▶ **DATA TO EXAMINE**
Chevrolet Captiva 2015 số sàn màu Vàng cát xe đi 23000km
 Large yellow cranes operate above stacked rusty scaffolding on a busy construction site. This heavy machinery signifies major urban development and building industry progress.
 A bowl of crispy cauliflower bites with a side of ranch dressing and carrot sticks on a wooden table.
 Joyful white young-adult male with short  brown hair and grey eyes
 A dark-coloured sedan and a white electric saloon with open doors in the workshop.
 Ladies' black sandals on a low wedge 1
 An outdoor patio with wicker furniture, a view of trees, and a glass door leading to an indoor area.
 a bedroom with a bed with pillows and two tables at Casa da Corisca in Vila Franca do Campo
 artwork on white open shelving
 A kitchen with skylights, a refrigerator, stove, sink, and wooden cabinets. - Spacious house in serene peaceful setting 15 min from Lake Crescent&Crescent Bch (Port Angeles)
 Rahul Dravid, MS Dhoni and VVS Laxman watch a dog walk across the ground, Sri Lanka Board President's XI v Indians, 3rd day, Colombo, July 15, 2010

▶ **WHAT YOU SHOULD DO**
Print every record above exactly as it was given.

▶ **WRITTEN SOLUTION**
Chevrolet Captiva 2015 số sàn màu Vàng cát xe đi 23000km
 Large yellow cranes operate above stacked rusty scaffolding on a busy construction site. This heavy machinery signifies major urban development and building industry progress.
 A bowl of crispy cauliflower bites with a side of ranch dressing and carrot sticks on a wooden table.
 Joyful white young-adult male with short  brown hair and grey eyes
 A dark-coloured sedan and a white electric saloon with open doors in the workshop.
 Ladies' black sandals on a low wedge 1
 An outdoor patio with wicker furniture, a view of trees, and a glass door leading to an indoor area.
 a bedroom with a bed with pillows and two tables at Casa da Corisca in Vila Franca do Campo
 artwork on white open shelving
 A kitchen with skylights, a refrigerator, stove, sink, and wooden cabinets. - Spacious house in serene peaceful setting 15 min from Lake Crescent&Crescent Bch (Port Angeles)
 Rahul Dravid, MS Dhoni and VVS Laxman watch a dog walk across the ground, Sri Lanka Board President's XI v Indians, 3rd day, Colombo, July 15, 2010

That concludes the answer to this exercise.